2. Description of the Related Art
Among various display devices displaying images on a screen, thin film type flat panel display devices are widely used because they are relatively thin and light weight. Particularly, a liquid crystal display is actively being developed and studied because the LCD provides a sufficiently high resolution and a sufficiently fast response time to display a motion picture.
The principle of the LCD uses optical anisotrophy and polarization property of liquid crystal materials. The liquid crystal molecules are relatively thin and long having orientation and polarization properties. Using these properties, the orientation in which the liquid crystal molecules are arranged can be controlled by applying an external electric field. Depending on the orientation of the liquid crystal molecules, light is allowed to either pass through the liquid crystal or is prevented from passing through the liquid crystal. A liquid crystal display effectively uses this characteristic behavior of liquid crystal.

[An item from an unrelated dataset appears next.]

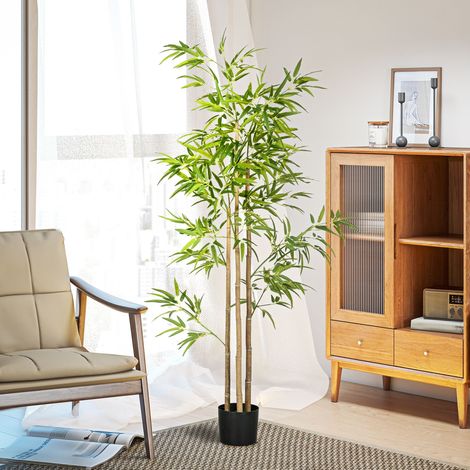 Lot de 2 plantes artificielles en bambou de 1,80 m avec pot, fausse verdure pour la décoration de la maison, du bureau et du salon (1/5)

Recently, AMLCDs which include TFTs and pixel electrodes arranged in a matrix pattern have received much attention because they provide enhanced picture quality and natural colors.
The structure of a conventional liquid crystal display is described below. The conventional liquid crystal display includes two panels each having many elements disposed thereon, and a liquid crystal layer formed between the two panels. The first panel (or color filter panel) located at a first side of the conventional liquid crystal display includes red (R), green (G), and blue (B) color filters sequentially arranged to correspond with an array of pixels disposed on a transparent substrate of the first panel. Between these color filters, a black matrix is arranged in a lattice pattern. A common electrode is formed and disposed on the color filters.
On the other side or second side of the conventional liquid crystal display, the second panel (or active panel) includes a plurality of pixel electrodes which are located at positions corresponding to the positions of pixels and are disposed on a transparent substrate. A plurality of signal bus lines are arranged to extend in the horizontal direction of the pixel electrodes, whereas a plurality of data bus lines are arranged to extend in the vertical direction of the pixel electrodes. At a corner of the pixel electrode, a thin film transistor is formed to apply an electric signal to the pixel. The gate electrode of the thin film transistor is connected to a corresponding one of the signal bus lines (or gate bus lines), and the source electrode of the thin film transistor is connected to a corresponding one of the data bus lines (or source bus lines). The end portions of the gate and source bus lines include terminals or pads for receiving signals applied externally thereto.
The above described first and second panels are bonded together and arranged to face each other while being spaced apart by a predetermined distance (known as a cell gap) and a liquid crystal material is injected between the two panels into the cell gap.
The manufacturing process for the conventional liquid crystal panel is rather complicated and requires many different manufacturing steps. Particularly, the active panel having TFTs and pixel electrodes requires many manufacturing steps. Therefore, it is beneficial to reduce the manufacturing steps to reduce the possible defects which may occur during the manufacture of the active panel and to reduce the time, expense and difficulty involved in manufacturing the liquid crystal display.
In a conventional method of manufacturing an active panel, aluminum or its alloy of low electric resistance material is used to form the gate bus line and the gate electrode and the surface of the aluminum is anodized to prevent hill-lock, thereby forming an anodic oxide film. As a result, the method required at least 8 masking steps.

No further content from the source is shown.